All the above examples, including the crypt that simulates a rotor machine
are polyalphabetic substitutions. I have program that will do analysis of
a text by calculating the variance for all the key lengths up to a user
specified limit. It outputs the length of with the "best fit".
On both random text and the suspect text, it always output the limit length
as the best fit. And the fit was none too good.
<I'm not quite sure how to interpret this. Would this mean that running the
<message through uuencode(1) (which maps every 3 characters of 8 bits each
<into 4 characters out of a 6-bit 64-character alphabet) is too complex? It
<doesn't even have an encryption key! Running stuff through uuencode does tend
<to flatten out the distribution somewhat, but a message consisting mostly of
<the letter x will still have several high-frequency characters.
<
<To REALLY flatten out the distribution, there are several popular UNIX and
<DOS utilities to do this, under the classification "data compression programs".

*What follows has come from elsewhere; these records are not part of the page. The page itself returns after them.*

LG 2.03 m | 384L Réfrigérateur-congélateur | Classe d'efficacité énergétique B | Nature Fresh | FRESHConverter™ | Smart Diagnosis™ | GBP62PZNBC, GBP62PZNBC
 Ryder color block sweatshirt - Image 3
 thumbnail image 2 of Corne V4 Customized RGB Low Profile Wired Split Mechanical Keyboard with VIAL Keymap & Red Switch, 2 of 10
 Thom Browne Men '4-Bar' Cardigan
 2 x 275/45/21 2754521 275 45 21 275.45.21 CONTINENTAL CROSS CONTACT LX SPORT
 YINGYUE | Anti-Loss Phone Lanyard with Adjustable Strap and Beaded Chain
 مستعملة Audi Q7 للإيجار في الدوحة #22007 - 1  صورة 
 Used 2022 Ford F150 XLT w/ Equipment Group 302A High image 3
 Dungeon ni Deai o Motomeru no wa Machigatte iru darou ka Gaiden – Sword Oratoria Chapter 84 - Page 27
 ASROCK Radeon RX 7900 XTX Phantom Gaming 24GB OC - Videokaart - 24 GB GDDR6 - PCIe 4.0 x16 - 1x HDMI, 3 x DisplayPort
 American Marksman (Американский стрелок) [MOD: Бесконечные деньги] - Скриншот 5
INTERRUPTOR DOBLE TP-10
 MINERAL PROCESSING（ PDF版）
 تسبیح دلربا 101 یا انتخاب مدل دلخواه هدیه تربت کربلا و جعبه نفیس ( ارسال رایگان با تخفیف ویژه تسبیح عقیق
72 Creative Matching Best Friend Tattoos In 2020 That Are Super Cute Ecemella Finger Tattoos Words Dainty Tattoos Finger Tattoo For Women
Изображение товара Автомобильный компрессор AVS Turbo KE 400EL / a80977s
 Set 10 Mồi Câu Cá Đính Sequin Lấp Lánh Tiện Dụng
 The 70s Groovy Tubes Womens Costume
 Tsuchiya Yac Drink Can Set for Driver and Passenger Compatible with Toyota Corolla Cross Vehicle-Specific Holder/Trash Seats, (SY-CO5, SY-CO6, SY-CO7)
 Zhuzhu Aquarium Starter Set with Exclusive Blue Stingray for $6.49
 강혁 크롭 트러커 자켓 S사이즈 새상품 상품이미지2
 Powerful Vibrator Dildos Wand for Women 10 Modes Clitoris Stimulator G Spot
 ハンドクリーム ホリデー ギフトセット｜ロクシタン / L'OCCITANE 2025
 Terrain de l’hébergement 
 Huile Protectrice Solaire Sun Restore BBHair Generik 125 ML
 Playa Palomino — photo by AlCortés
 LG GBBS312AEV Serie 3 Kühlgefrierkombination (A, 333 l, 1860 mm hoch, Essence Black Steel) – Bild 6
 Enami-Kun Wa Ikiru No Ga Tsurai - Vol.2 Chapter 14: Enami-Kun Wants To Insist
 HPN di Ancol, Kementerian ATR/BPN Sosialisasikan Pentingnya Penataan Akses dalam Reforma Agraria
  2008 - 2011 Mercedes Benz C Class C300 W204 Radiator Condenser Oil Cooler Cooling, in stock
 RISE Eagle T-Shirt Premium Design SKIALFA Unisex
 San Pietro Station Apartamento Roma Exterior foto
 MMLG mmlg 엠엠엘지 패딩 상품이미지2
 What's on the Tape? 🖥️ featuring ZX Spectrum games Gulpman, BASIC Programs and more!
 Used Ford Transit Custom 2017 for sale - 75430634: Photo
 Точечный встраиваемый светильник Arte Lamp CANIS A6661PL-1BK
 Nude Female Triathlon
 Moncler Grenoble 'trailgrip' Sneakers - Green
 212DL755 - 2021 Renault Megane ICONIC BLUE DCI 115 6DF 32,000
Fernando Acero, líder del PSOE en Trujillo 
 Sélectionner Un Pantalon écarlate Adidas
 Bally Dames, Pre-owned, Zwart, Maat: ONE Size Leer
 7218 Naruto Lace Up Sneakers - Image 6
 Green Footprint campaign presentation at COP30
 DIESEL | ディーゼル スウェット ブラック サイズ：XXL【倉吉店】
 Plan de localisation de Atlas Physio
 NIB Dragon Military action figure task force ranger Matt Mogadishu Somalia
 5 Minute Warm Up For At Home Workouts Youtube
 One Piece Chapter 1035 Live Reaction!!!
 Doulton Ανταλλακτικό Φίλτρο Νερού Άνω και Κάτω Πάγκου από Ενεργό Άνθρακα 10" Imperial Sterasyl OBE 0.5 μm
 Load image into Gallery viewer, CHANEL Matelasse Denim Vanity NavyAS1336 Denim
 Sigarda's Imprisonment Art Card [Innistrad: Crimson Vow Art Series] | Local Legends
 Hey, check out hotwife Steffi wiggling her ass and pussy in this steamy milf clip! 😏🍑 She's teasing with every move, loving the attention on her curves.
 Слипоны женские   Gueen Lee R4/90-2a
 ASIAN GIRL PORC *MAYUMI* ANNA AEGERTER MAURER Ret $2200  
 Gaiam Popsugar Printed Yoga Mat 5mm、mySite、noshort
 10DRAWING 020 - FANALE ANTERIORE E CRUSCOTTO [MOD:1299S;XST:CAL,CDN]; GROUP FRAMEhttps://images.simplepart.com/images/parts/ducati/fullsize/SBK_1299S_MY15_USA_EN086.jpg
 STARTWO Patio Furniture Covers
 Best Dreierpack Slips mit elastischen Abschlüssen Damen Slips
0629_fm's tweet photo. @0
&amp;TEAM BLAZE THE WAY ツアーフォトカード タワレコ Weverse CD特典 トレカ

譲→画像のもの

<These include pack, compress, ARC, and compact. If you don't like the
<use of all 8 bits in the output, run the result through a filter to transform
<it to a smaller alphabet. These include things like uuencode/uudecode,
<btoa/atob (distributed with compress 4.0), encode/decode (distributed with B
<news 2.11), and, if you're really desparate, od, the octal dump program.
<(A few years back, someone posted a program to take an octal dump and
<re-create the file it was a dump of).
Well, I've never even seen any _hints_ on how to attack a cipher where the
plaintext characters can't be "localized". Since you can't do statistical
analysis on the characters (at least not and get results that _mean_
anything!! :-) it would appear that you are reduced to trial and error.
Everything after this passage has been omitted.